Bowser Players: 0.11% Power Level: 0.70

Also, for reference here is the All-Characters Matchup chart, created by Phanna (Thanks a bunch to Phanna for permission to use)

I think some slight changes may need to be made, but I'm going to go ahead and use the un-altered chart for the first run through the program. If something upsets you on this chart and you want it changed permanantly, here's the link to Phanna's Thread: http://smashboards.com/showthread.php?t=92025

sonicPearltsl25 · Mar 27, 2007

woah...this sounds really cool....and ide like to see it all worked out and everything

idk how you came up with those formulas and stuff though.....props

tarheeljks · Mar 27, 2007

What is exactly is S and how do you plan to observe T? Something similar to this was discussed w/n the matchup chart. I like the idea in theory but I'm not sure how you will get your hands on the data necessary to "test" the model.

Zankoku · Mar 27, 2007

The idea sounds interesting, though the two equations seem to be rather recursive. I'd like to know how you get out of the loop.

The source of data will be major tournament brackets, I'm guessing?

quak · Mar 27, 2007

i suggest that you hang on ur time instead, while it is a good idea, people just really won't care, and will still refer to the tier list that is currently used.

Mogwai · Mar 27, 2007

tarheeljks said:
What is exactly is S and how do you plan to observe T? Something similar to this was discussed w/n the matchup chart. I like the idea in theory but I'm not sure how you will get your hands on the data necessary to "test" the model.

S in the first formula would normally be a sigma, but seeing as how I don't know to make such a thing on the boards, I did what I could. That function is just the sum of all the matchups * the number of times they would expect to see that matchup. T is just going to be a set number, I'm not going to be basing this off of the world as we know it, I will be setting up an easily observed world of say, 10000 smashers or so.

Ankoku said:
The idea sounds interesting, though the two equations seem to be rather recursive. I'd like to know how you get out of the loop.
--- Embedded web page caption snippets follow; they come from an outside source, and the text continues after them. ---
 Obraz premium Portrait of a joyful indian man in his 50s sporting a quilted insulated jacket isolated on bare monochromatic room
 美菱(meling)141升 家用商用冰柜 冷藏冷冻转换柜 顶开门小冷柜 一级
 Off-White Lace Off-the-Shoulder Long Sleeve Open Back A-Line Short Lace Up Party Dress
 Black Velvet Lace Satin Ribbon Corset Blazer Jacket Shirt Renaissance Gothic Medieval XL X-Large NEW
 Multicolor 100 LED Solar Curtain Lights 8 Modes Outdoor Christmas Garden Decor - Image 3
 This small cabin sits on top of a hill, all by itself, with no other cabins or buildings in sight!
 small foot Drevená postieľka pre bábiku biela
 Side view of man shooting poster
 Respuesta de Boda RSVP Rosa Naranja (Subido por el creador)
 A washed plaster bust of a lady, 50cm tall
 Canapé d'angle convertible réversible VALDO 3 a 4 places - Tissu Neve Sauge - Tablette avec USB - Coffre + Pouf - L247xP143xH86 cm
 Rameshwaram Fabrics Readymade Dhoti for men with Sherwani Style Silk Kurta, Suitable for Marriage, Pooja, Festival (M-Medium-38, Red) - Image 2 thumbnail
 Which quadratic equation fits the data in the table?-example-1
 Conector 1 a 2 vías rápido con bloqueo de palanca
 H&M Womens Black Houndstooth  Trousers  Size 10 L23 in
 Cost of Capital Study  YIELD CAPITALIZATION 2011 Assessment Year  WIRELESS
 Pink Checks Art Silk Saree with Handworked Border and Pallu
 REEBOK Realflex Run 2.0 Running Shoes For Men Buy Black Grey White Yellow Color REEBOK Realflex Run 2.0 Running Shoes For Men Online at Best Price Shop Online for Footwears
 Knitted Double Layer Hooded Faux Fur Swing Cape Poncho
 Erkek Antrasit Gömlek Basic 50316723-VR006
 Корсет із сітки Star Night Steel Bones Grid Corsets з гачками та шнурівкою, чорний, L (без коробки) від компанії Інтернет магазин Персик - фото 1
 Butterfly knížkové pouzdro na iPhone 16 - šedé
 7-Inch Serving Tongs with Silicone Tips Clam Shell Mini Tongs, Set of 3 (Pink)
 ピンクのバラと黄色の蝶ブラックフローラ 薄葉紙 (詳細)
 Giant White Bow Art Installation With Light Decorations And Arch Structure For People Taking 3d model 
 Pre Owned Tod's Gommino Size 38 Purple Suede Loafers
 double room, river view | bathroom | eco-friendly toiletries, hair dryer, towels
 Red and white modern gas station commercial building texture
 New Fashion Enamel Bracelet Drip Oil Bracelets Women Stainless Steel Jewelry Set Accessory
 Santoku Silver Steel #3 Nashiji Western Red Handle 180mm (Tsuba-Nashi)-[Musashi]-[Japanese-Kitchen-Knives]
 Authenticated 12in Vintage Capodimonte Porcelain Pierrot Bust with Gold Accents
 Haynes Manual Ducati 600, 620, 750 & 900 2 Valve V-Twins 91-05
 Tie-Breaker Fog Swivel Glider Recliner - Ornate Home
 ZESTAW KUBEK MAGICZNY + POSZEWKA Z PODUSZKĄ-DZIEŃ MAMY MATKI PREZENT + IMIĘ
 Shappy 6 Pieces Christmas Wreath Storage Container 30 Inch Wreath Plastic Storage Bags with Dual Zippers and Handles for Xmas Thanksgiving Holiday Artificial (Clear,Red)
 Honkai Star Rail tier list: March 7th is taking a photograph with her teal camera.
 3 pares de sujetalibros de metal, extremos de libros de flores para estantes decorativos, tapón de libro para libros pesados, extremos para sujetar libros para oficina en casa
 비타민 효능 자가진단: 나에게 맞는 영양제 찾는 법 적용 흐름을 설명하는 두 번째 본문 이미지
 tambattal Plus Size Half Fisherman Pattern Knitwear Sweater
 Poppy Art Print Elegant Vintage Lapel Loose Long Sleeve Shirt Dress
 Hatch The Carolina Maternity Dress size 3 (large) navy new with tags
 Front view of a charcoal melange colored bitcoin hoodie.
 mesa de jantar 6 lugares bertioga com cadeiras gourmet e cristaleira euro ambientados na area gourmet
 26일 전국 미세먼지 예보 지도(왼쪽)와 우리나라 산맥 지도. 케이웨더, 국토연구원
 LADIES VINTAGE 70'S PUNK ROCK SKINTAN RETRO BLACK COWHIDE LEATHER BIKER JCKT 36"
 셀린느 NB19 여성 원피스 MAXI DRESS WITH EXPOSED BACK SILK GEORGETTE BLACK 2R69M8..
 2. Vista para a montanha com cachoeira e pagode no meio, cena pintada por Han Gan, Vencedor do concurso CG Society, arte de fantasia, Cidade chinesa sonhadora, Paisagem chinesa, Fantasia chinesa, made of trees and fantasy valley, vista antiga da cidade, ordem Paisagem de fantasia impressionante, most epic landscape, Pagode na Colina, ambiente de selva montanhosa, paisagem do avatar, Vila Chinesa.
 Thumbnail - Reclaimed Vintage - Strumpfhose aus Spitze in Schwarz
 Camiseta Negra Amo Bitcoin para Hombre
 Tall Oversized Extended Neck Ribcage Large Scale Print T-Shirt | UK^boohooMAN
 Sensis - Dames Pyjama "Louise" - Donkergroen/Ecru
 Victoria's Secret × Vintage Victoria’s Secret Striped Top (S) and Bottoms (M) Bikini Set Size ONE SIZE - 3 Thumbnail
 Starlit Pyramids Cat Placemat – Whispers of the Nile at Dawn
The source of data will be major tournament brackets, I'm guessing?

Well, it is recursive, the idea is that after a certain number of iterations you would reach a stable number of each characters that would result in the optimal tier list and power rankings.

As I first stated, I would use the Phanna chart as the source for character matchups, if you have beef with a rating, we can alter rating as necessary in this thread to make people as happy as possible with the matchups.

quak said:
i suggest that you hang on ur time instead, while it is a good idea, people just really won't care, and will still refer to the tier list that is currently used.

Meh, it actually won't be too hard to do at all, and honestly, as long as just 1 other person on the boards cares about it, I figure it's worth posting. Mostly I wanted to hear whether people thought the general process in this calculation was OK or if major changes needed to be made before I go ahead and do it.

MARIOWNAGE · Mar 28, 2007

Protip: you're spelling tier wrong

Mogwai · Mar 28, 2007

MARIOWNAGE said:
Protip: you're spelling tier wrong

Point well taken. . . Silly, "'i' before 'e' except after 'c'" rule. Guess I should've payed more attention in elementary school. I've fixed it in all my posts, but I can't fix it in the tread title, drat.

D20 · Mar 28, 2007

Wesley, this sounds like it's something out of NUMB3RS (that TV show that I always miss because of Super Smash Fridays). If anyone has ever seen that show, then they would know that mathematics can solve any crime, bring about world peace, and create an accurate tier list. I'd like to see you run with this, and I'd be glad to help you out if you needed it.

*Thumbs up*

KevinM · Mar 28, 2007

Yea wes i wouldn't mind helping you with this at all its a really cool project

Linkster47 · Mar 28, 2007

This looks awesome, and I'm glad to know Link isn't the worst character! I'm willing to help if you need anything.

Mogwai · Mar 28, 2007

KevinM said:
Yea wes i wouldn't mind helping you with this at all its a really cool project

Linkster47 said:
This looks awesome, and I'm glad to know Link isn't the worst character! I'm willing to help if you need anything.

D20 said:
Wesley, this sounds like it's something out of NUMB3RS (that TV show that I always miss because of Super Smash Fridays). If anyone has ever seen that show, then they would know that mathematics can solve any crime, bring about world peace, and create an accurate tier list. I'd like to see you run with this, and I'd be glad to help you out if you needed it.

*Thumbs up*

Thanks for the positive feedback guys. Currently, I don't think I'll need any help unless you see something that looks fishy in the process I'll be using.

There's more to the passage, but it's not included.